|Problems? Is your data what you think it is?|
pattern sequence dispersed within textby nicemank (Novice)
|on Oct 01, 2012 at 11:20 UTC||Need Help??|
nicemank has asked for the
wisdom of the Perl Monks concerning the following question:
I want to find patterns dispersed within texts. Any word as the search pattern. Any text.
So (here goes):
I split a word into character pairs. Say the name is 'helen' (case irrelevant). That's got 5 letters; so it is two pairs and a single letter: 'he', 'le' and 'n'.
I want to get the parts in sequence. This is the case whether they are conveniently in the correct order in the text, such as:
1. xxxhexxxxxxxx xle xxxxxx nxxx
From this I want: xxxhexxxxxxxx xle nxxx
But they may not be in quite the right order.

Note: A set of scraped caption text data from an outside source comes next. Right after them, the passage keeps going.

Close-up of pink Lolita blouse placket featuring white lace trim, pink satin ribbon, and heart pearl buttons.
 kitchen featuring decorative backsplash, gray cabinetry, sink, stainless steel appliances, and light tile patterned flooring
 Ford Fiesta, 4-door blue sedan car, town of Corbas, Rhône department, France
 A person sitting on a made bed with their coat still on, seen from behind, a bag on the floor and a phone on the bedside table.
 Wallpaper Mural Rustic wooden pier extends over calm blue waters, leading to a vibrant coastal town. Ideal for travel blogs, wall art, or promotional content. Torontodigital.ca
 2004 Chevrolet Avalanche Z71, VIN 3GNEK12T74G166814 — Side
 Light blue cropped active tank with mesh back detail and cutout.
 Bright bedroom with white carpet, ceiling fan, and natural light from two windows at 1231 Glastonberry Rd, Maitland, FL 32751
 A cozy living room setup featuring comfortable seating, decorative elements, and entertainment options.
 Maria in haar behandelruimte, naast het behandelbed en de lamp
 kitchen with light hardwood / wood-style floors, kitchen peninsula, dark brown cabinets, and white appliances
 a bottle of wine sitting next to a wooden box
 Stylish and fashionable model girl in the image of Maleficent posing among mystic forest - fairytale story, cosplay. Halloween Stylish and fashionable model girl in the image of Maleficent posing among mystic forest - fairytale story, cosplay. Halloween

There may be repetitions and/or parts in the wrong order:
2. xxxhexxxxxxxx xle xxnxle nxxx xxnxxx xnxxhexx nxxxxx xlexxxxxx nxnx xxxx
I'd like to get:
xxxhexxxxxxxx xle xxnxle xnxxhexx xlexxxxxx nxnx
'xxnxle ' appears because it contains the final 'n'. The fact that it contains an additional 'le' just does not matter.
But actually I get:
xxxhexxxxxxxx xle xxnxle xxnxxx xnxxhexx xlexxxxxx nxnx
In other words it should always get the input sequence in the correct order if it is there. It will get it repeatedly if it is there. It will discard if it can anything extraneous.
Taking an input ( for instance, $words = 'xxxhexxxxxxxx xle xxnxle nxxx xxnxxx xnxxhexx nxxxxx xlexxxxxx nxnx xxxx')
Prints: 'xxxhexxxxxxxx xle xxnxle xxnxxx xnxxhexx xlexxxxxx nxnx' as above, which is wrong.
I realise this is a complicated question. But any help gratefully received.